Eventually, Ruth and Blaze join the scrapyard as employees, rather than sellers, under the oversight of owner Hark (Austin Amelio). It gives them the chance to make real money, but the work is dangerous. Hark takes Ruth under his wing and gives her and Blaze a chance to do more than scrape by. There’s a real living to be made in the scrapyard, one with at least a little security. And on the flipside, the student debt Ruth would have to take on at college could be life-destroying.

What does she do? How do you make a choice like that? Dangerous, precarious work — or financially barter away your future for the off-chance of escape? And what else do you leave behind when you try to get away?

“Well, I don’t want to be in this room anymore.”

Holler is a film about America, but it’s also a film about a very specific part of America. First-time writer/director Nicole Riegel comes by the story honestly: She grew up in a town like this, in a situation like this. She knows what it’s like to watch a town sink into despair.

Unfortunately, her newness gets the best of her at times, making her overplay her hand to go for the too-broad metaphor. When a character mentions his town being left behind while the camera watches Ruth play with a globe, the message is distressingly blunt.
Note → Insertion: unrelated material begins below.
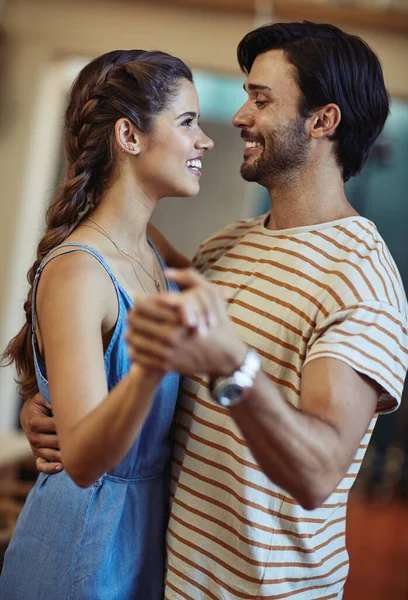 Att Vilse Varandras Ögon Ett Kärleksfullt Ungt Par Som Dansar — Stockfoto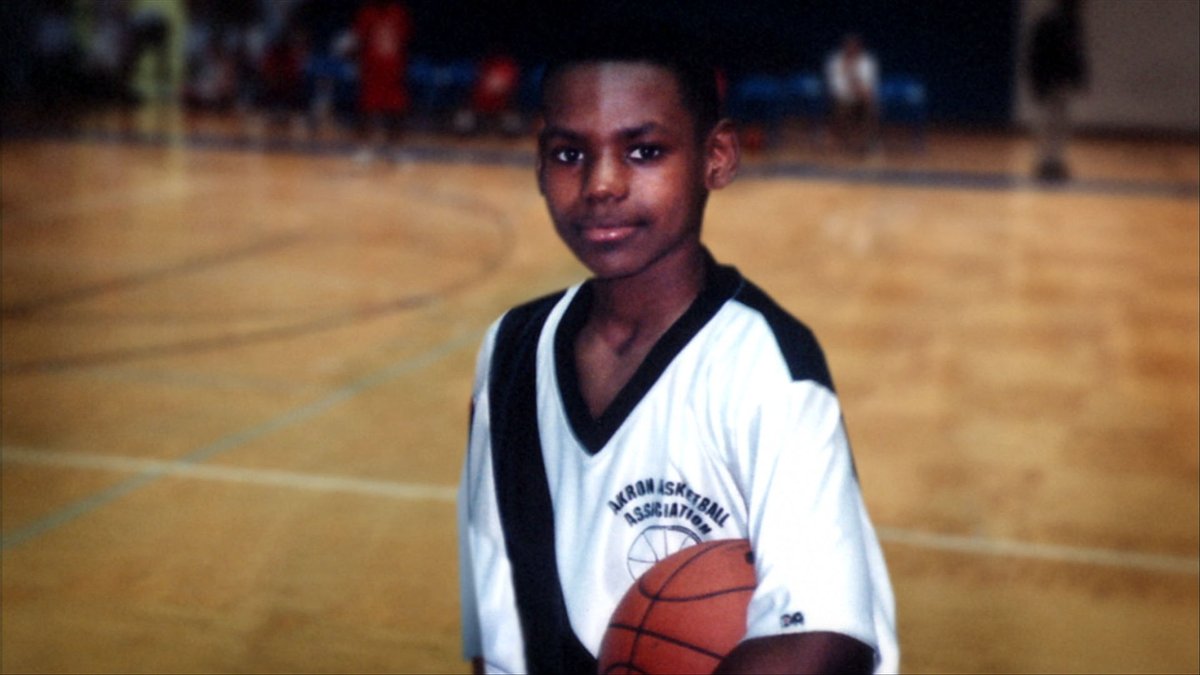 nba_historias's tweet image. Hoy es el cumpleaños de LeBron James. Tan conocida es su historia como jugador, que pensé homenajearlo con este hilo sobre su dura infancia, y sus inicios como jugador. Desde ya, si les gusta, agradezco que me ayuden a difundirlo, tanto con 🔃 como ❤️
The movie is at its worst when the characters feel like pawns in a grand Statement. Is Riegel telling their story, or just using that story to score points?

Thankfully, it’s not a problem that pops up too often. It can see the way — show the way — global neoliberalism has devastated communities without needing to resort to heavy-handed metaphors. And it can recognize that there is no solution, no real escape. The pain, the trauma, lingers. The human toll of global capitalism is inescapable, its gravity relentless.

No character better encapsulated this idea than Becky Ann Baker’s Linda. Becky Ann Baker has quietly been one of the best character actors of my lifetime. Baker is game for anything, capable of comedy and drama, and always gives everything to the performance. Here, she plays the last anchor of a faltering community, a labor organizer at the last factory in town. She struggles to make sure that the workers are taken care of and treated like people despite having no power. Baker disappears for large chunks of the movie, but many of the film’s best scenes belong to her.

“So can I be that?”

Holler lives in the same universe as Winter’s Bone. But Holler lacks the genre hook that made Winter’s Bone easier to digest. Yeah, it told a story about life on the margins, but it was tied to a crime drama. It’s easier to deal with this kind of story when it’s built on expected genre hooks. There’s an almost documentary-like quality to Holler from time-to-time, something more like Rich Hill.

Riegel is a relatively new voice, but this is the sort of self-assured character piece that would have been the toast of Sundance in the 90s. Today, Holler is likely destined to be buried in a streaming service, grist for the content mill. But hopefully that will make it easier to stumble upon, easier for people to find and appreciate. I’ve lived in cities like this before, and there was something surprisingly moving about seeing it reflected on screen without condescension. I hope more people can have that experience.